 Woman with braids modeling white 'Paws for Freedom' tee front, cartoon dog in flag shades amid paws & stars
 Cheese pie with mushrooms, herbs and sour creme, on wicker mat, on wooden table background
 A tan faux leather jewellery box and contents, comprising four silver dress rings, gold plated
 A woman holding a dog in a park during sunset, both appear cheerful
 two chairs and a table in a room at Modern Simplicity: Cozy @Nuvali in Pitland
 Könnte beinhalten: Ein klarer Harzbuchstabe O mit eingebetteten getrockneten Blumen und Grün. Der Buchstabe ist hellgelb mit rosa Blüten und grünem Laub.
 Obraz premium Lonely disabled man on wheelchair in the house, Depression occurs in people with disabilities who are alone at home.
⁂
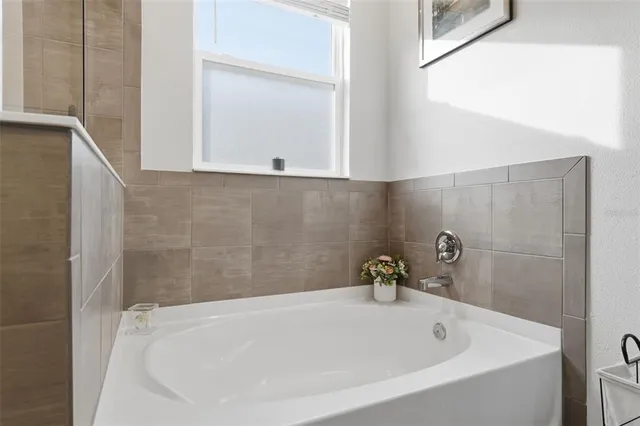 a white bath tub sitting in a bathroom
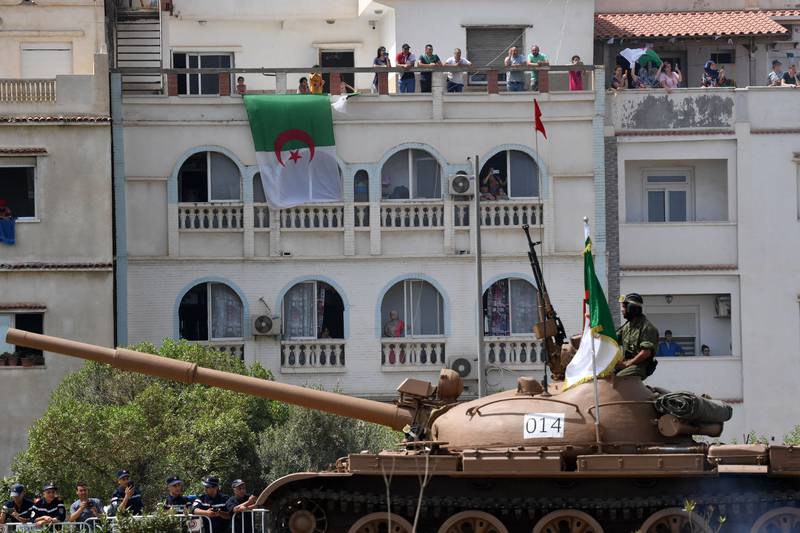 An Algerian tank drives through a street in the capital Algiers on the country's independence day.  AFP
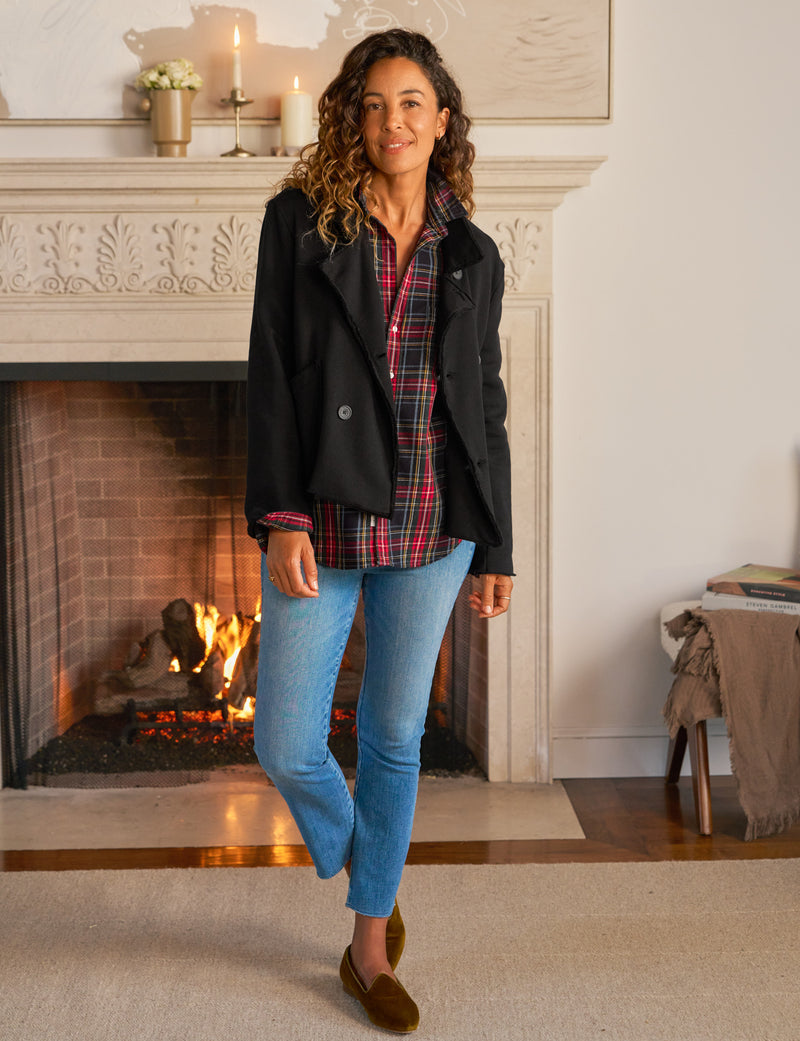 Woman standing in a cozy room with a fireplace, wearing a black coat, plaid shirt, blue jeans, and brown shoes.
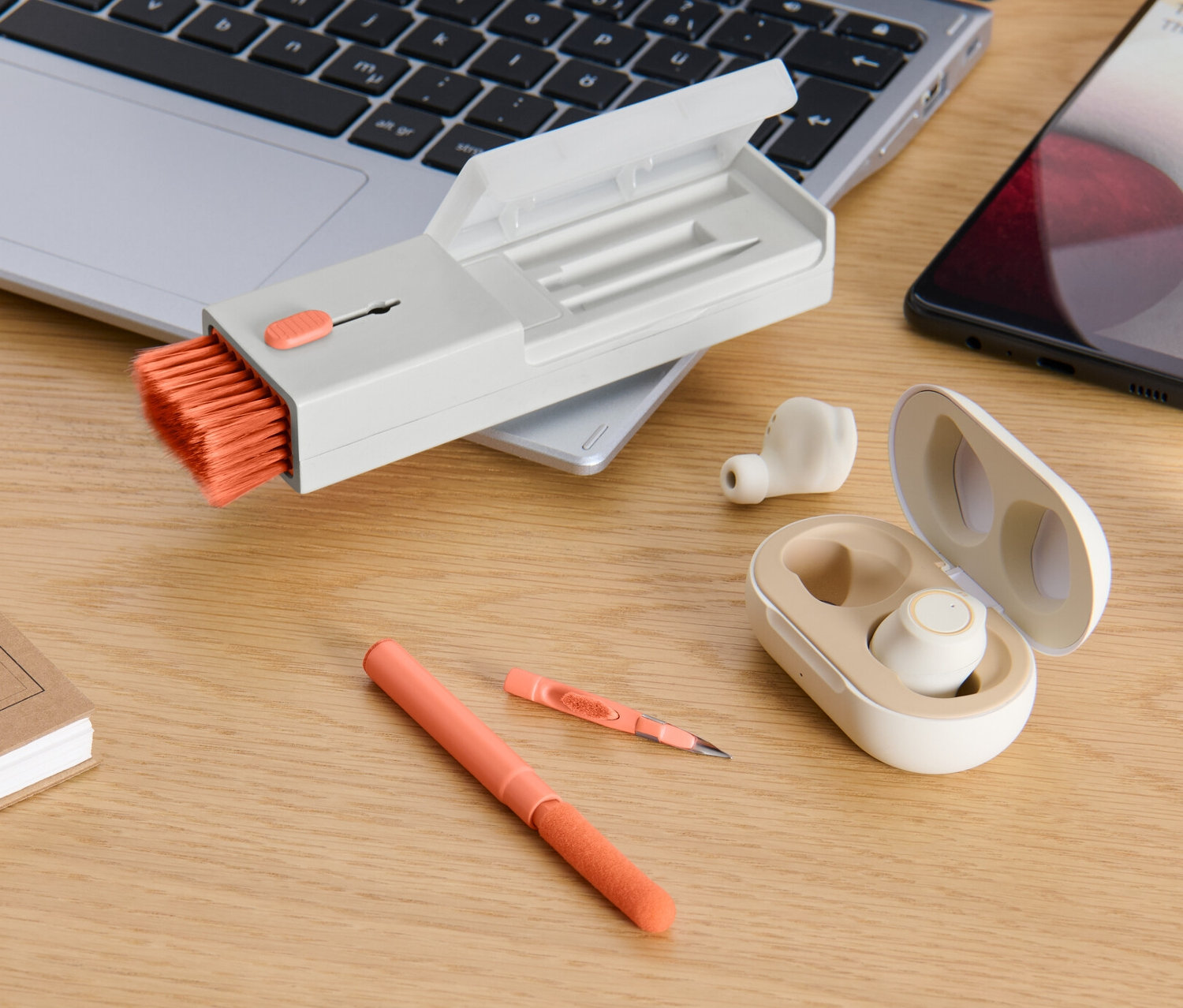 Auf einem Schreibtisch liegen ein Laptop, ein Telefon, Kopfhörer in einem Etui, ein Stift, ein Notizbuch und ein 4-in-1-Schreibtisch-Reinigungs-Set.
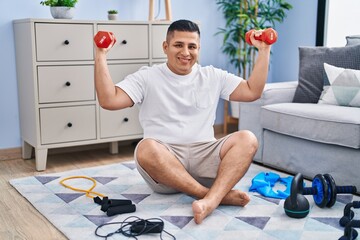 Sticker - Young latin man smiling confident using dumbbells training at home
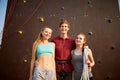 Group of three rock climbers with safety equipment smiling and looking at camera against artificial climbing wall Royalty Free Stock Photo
⁂
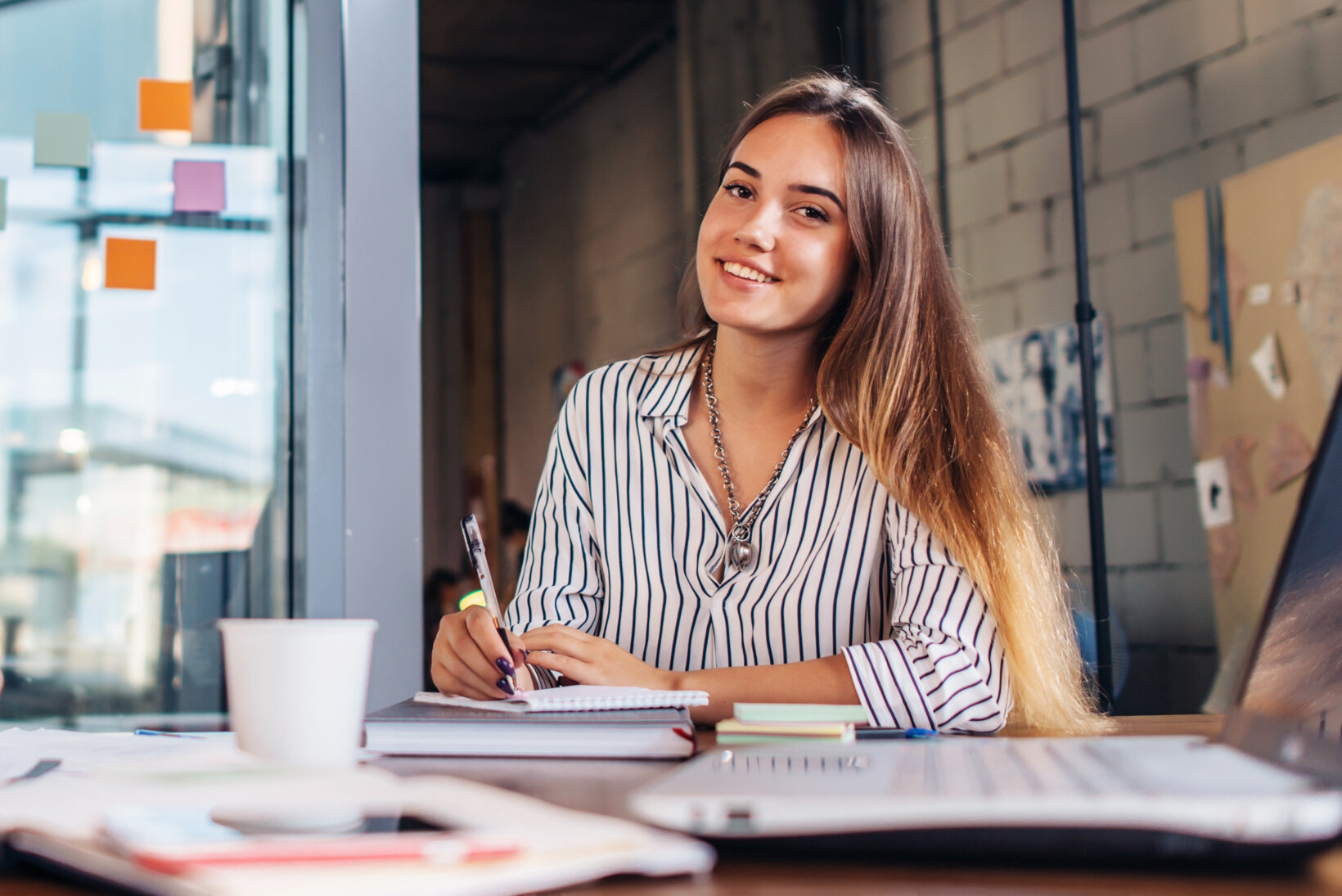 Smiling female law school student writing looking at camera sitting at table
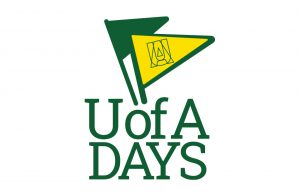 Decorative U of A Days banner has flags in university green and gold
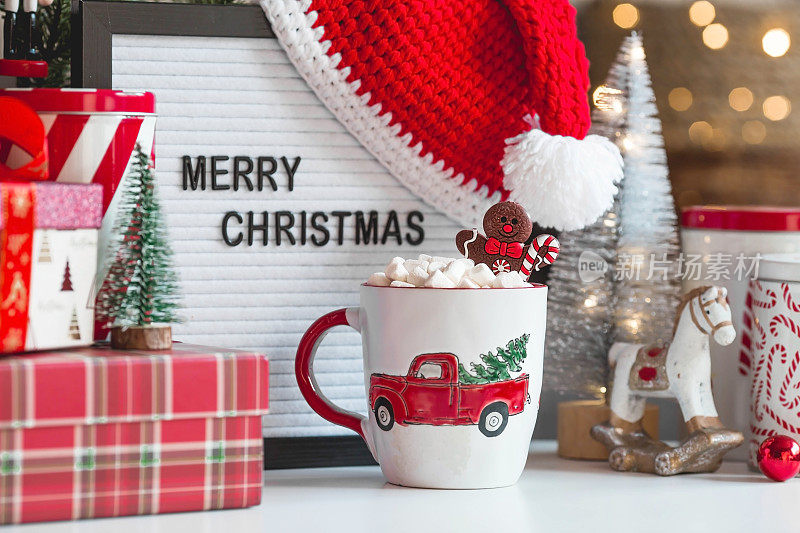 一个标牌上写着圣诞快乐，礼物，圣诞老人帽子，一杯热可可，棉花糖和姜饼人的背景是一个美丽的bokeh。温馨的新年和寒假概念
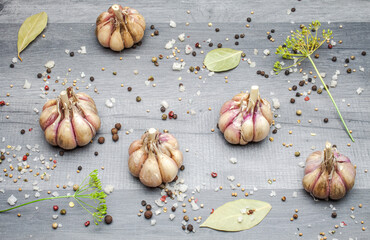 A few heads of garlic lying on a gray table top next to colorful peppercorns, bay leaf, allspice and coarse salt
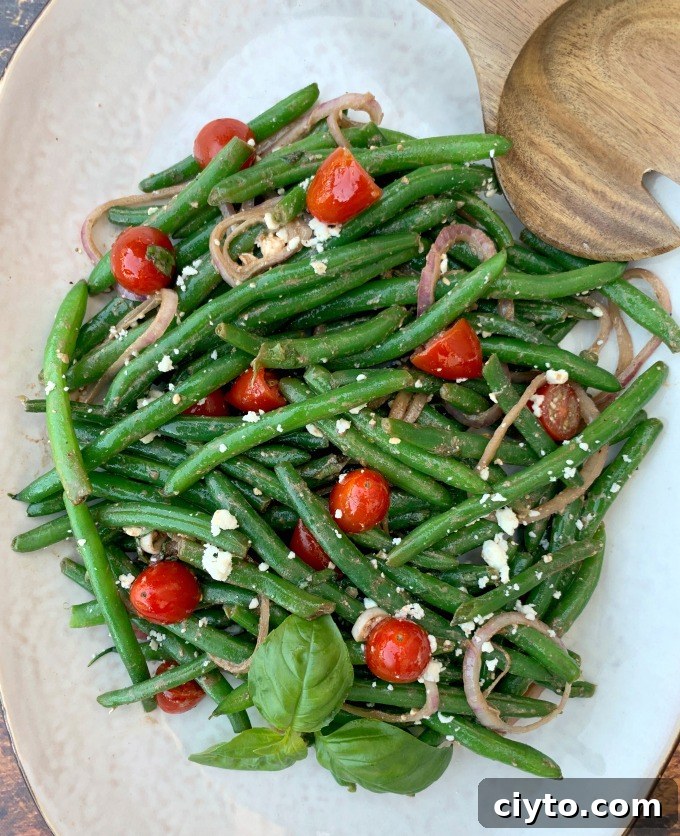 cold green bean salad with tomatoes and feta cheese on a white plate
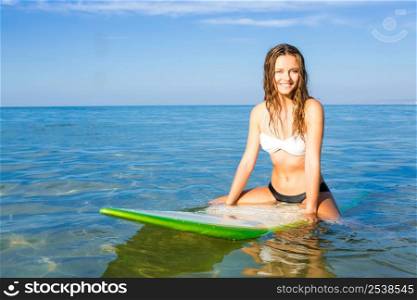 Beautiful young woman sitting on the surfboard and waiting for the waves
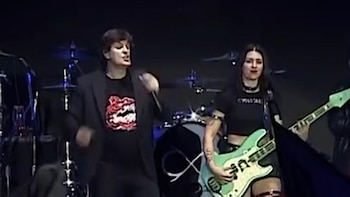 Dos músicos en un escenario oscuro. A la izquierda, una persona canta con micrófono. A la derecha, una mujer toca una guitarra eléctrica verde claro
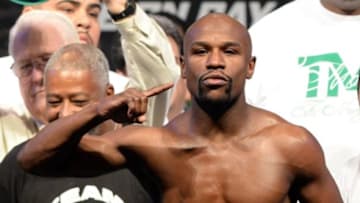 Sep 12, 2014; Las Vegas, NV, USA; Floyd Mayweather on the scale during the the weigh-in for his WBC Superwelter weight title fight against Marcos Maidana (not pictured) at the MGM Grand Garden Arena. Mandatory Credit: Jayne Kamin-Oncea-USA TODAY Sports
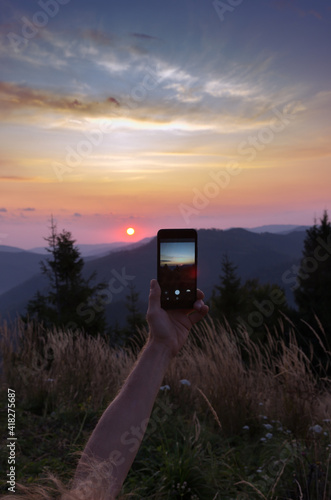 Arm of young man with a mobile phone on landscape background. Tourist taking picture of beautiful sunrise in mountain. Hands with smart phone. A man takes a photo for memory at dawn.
⁂
Extract from the records above the lines from the one containing "Woman with braids" to the one containing "Obraz premium Lonely", both lines included, exactly as they appear and with nothing else.

 Woman with braids modeling white 'Paws for Freedom' tee front, cartoon dog in flag shades amid paws & stars
 Cheese pie with mushrooms, herbs and sour creme, on wicker mat, on wooden table background
 A tan faux leather jewellery box and contents, comprising four silver dress rings, gold plated
 A woman holding a dog in a park during sunset, both appear cheerful
 two chairs and a table in a room at Modern Simplicity: Cozy @Nuvali in Pitland
 Könnte beinhalten: Ein klarer Harzbuchstabe O mit eingebetteten getrockneten Blumen und Grün. Der Buchstabe ist hellgelb mit rosa Blüten und grünem Laub.
 Obraz premium Lonely disabled man on wheelchair in the house, Depression occurs in people with disabilities who are alone at home.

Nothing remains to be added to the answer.